James A. Calhoun (born May 10, 1942) is a longtime college basketball coach. He is best known for his tenure as head coach of the University of Connecticut (UConn) men's basketball team. His teams won three NCAA national championships (1999, 2004, 2011), played in four Final Fours, won the 1988 NIT title, and won seven Big East tournament championships (1990, 1996, 1998, 1999, 2002, 2004, 2011). With his team's 2011 NCAA title win, the 68-year-old Calhoun became the oldest coach to win a Division I men's basketball title. He won his 800th game in 2009 and finished his NCAA Division I career with 873 victories, ranking 11th all-time as of February 2019. From 2018–21, he served as head coach of the University of Saint Joseph men's basketball team.
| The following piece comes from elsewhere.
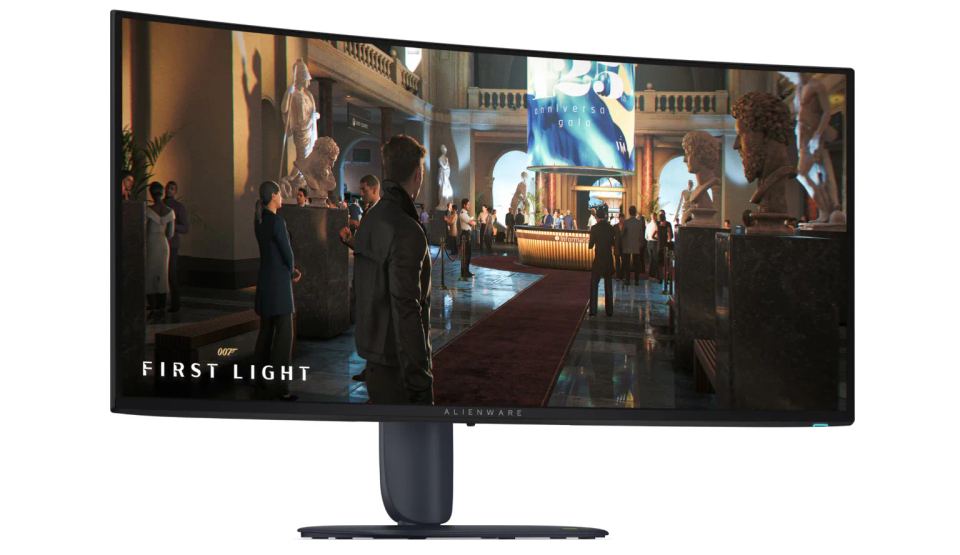 Dell Alienware/AW3426DW/34"/QD-OLED/UWQHD/280Hz/0,03ms/Modrá/3RNBD (P/N: 210-BWFN) Dell Alienware/AW3426DW/34"/QD-OLED/UWQHD/280Hz/0,03ms/Modrá/3RNBD (210-BWFN) — pohľad 1 | Originálny Dell produkt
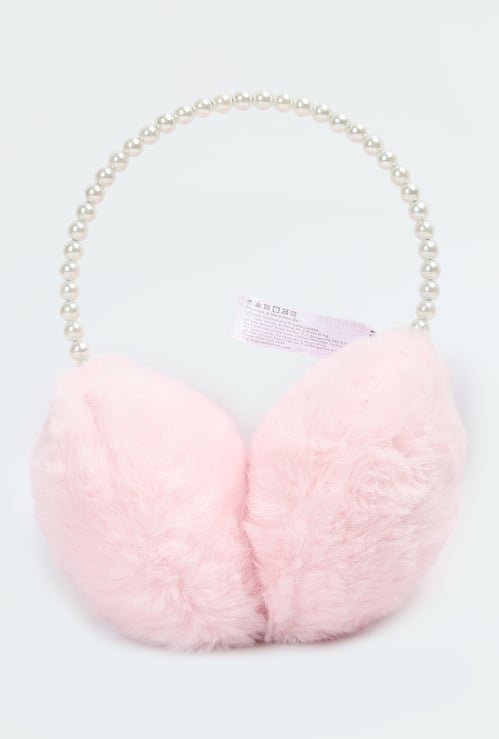 Women Pearl Embellished Earmuffs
Calhoun is one of only six coaches in NCAA Division I history to win three or more championships, and he is widely considered one of the greatest coaches of all time. In 2005, he was inducted into the Basketball Hall of Fame.

Early life and education
A self-described Irish Catholic, Calhoun was born and raised in Braintree, Massachusetts, where he was a standout on the basketball, football, and baseball teams at Braintree High School. After his father died of a heart attack when Calhoun was 15, he was left to watch over his large family that included five siblings.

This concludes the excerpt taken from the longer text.